* **Exercise**
All the data that follows should be repeated exactly, without a single picture.

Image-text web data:
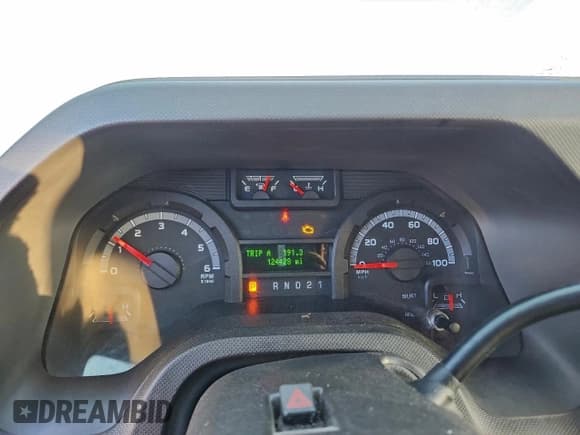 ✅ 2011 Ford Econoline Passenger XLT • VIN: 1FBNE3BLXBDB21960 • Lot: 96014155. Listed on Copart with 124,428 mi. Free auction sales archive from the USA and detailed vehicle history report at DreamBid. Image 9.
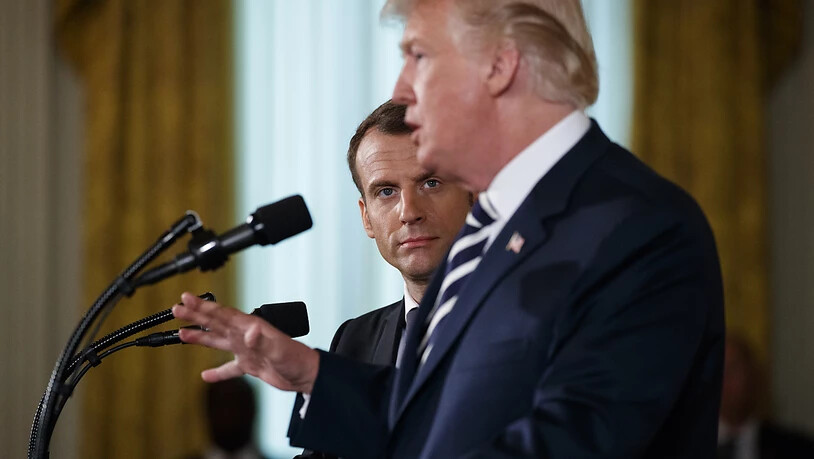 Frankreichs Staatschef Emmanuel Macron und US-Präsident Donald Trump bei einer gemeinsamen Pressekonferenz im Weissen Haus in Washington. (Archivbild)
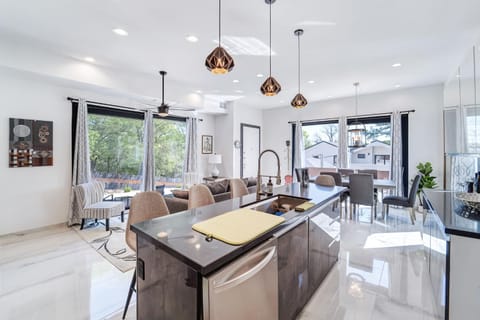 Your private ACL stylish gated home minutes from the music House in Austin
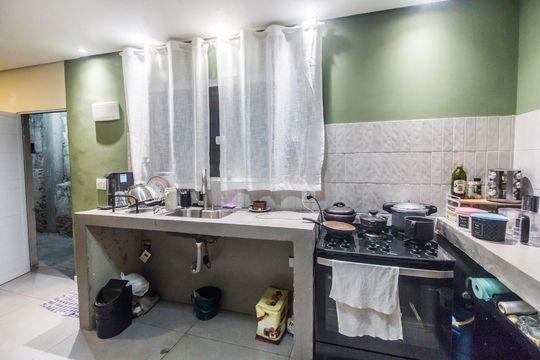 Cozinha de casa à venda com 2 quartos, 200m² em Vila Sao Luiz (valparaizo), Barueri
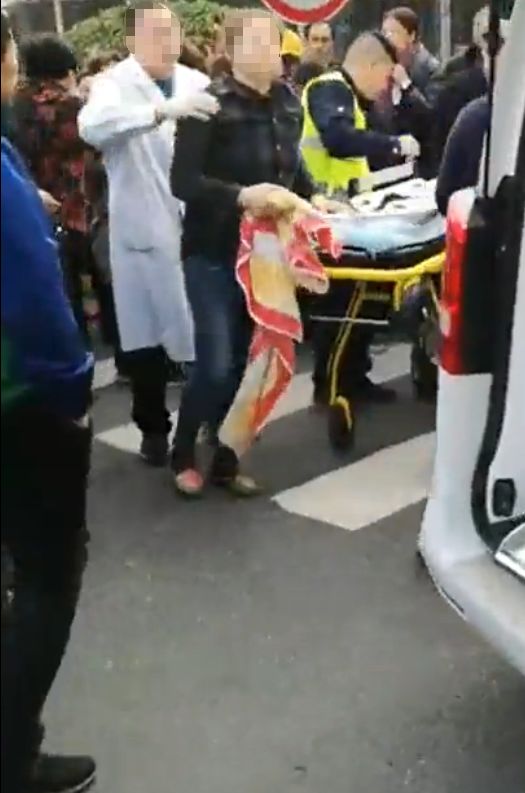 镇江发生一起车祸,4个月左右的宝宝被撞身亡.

* **Output below**
 ✅ 2011 Ford Econoline Passenger XLT • VIN: 1FBNE3BLXBDB21960 • Lot: 96014155. Listed on Copart with 124,428 mi. Free auction sales archive from the USA and detailed vehicle history report at DreamBid. Image 9.
 Frankreichs Staatschef Emmanuel Macron und US-Präsident Donald Trump bei einer gemeinsamen Pressekonferenz im Weissen Haus in Washington. (Archivbild)
 Your private ACL stylish gated home minutes from the music House in Austin
 Cozinha de casa à venda com 2 quartos, 200m² em Vila Sao Luiz (valparaizo), Barueri
 镇江发生一起车祸,4个月左右的宝宝被撞身亡.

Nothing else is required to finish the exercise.